### Material supplied
□ □ □ □

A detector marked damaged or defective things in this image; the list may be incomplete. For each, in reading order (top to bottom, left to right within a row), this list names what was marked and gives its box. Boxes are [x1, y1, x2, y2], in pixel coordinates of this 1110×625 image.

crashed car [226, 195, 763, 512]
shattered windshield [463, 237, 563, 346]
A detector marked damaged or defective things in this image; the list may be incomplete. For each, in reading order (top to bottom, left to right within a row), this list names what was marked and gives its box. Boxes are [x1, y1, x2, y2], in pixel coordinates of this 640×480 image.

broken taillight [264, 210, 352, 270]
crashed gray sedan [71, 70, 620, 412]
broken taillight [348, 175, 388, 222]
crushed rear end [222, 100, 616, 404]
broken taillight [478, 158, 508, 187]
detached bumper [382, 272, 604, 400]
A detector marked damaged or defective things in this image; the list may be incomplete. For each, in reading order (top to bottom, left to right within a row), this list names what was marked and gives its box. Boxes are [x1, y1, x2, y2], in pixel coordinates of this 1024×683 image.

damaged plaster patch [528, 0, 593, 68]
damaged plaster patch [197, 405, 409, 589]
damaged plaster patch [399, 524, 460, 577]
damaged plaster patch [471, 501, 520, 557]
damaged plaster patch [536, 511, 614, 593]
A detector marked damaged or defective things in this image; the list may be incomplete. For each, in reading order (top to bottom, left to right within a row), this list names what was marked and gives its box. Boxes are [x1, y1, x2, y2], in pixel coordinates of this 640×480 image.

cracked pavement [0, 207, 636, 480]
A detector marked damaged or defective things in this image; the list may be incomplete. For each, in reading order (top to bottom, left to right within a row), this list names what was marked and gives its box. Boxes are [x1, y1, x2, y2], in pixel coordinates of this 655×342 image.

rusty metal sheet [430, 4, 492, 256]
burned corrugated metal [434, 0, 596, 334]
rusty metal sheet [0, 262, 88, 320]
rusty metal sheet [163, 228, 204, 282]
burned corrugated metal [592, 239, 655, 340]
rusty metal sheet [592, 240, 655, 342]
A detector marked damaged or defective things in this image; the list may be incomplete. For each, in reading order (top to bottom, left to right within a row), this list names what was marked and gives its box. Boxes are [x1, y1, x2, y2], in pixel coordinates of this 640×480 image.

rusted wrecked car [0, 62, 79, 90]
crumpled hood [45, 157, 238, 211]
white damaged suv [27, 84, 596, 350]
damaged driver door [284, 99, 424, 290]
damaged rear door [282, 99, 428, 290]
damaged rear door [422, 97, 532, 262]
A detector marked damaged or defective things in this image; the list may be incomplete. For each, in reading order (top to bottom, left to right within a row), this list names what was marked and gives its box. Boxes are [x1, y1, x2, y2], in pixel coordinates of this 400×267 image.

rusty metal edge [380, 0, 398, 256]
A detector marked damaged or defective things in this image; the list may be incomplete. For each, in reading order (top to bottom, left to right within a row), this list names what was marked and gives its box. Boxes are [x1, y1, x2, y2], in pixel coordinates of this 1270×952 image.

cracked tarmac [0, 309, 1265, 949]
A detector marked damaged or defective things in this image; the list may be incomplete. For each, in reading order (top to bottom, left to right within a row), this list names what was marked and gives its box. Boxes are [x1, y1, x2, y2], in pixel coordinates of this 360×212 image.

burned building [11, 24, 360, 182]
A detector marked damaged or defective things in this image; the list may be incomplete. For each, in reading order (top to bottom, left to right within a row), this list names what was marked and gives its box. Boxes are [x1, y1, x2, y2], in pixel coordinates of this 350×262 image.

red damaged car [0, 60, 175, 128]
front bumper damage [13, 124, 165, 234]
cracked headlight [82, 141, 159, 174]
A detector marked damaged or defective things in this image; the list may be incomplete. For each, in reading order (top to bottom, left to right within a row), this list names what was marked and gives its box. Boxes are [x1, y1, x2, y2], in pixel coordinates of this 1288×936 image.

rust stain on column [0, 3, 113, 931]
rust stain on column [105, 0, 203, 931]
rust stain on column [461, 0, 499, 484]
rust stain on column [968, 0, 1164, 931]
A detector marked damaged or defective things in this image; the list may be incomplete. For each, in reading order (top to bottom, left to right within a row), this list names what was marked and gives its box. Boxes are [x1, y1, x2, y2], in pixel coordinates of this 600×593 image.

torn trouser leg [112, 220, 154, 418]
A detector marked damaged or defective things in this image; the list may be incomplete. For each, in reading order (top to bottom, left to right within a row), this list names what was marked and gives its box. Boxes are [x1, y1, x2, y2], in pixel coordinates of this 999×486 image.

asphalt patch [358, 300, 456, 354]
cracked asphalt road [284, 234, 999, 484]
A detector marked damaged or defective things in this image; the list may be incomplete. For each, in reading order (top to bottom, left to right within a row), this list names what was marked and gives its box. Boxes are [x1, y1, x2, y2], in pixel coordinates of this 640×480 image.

□ □ □ □

### Work to be completed
Please copy nothing but the lines from the one that holds "this 1288×936 image." through the last line of the material above, exactly as written.

### Problem solution
A detector marked damaged or defective things in this image; the list may be incomplete. For each, in reading order (top to bottom, left to right within a row), this list names what was marked and gives its box. Boxes are [x1, y1, x2, y2], in pixel coordinates of this 1288×936 image.

rust stain on column [0, 3, 113, 931]
rust stain on column [105, 0, 203, 931]
rust stain on column [461, 0, 499, 484]
rust stain on column [968, 0, 1164, 931]
A detector marked damaged or defective things in this image; the list may be incomplete. For each, in reading order (top to bottom, left to right within a row), this list names what was marked and gives its box. Boxes are [x1, y1, x2, y2], in pixel coordinates of this 600×593 image.

torn trouser leg [112, 220, 154, 418]
A detector marked damaged or defective things in this image; the list may be incomplete. For each, in reading order (top to bottom, left to right within a row), this list names what was marked and gives its box. Boxes are [x1, y1, x2, y2], in pixel coordinates of this 999×486 image.

asphalt patch [358, 300, 456, 354]
cracked asphalt road [284, 234, 999, 484]
A detector marked damaged or defective things in this image; the list may be incomplete. For each, in reading order (top to bottom, left to right within a row), this list names what was marked and gives its box. Boxes are [x1, y1, x2, y2], in pixel coordinates of this 640×480 image.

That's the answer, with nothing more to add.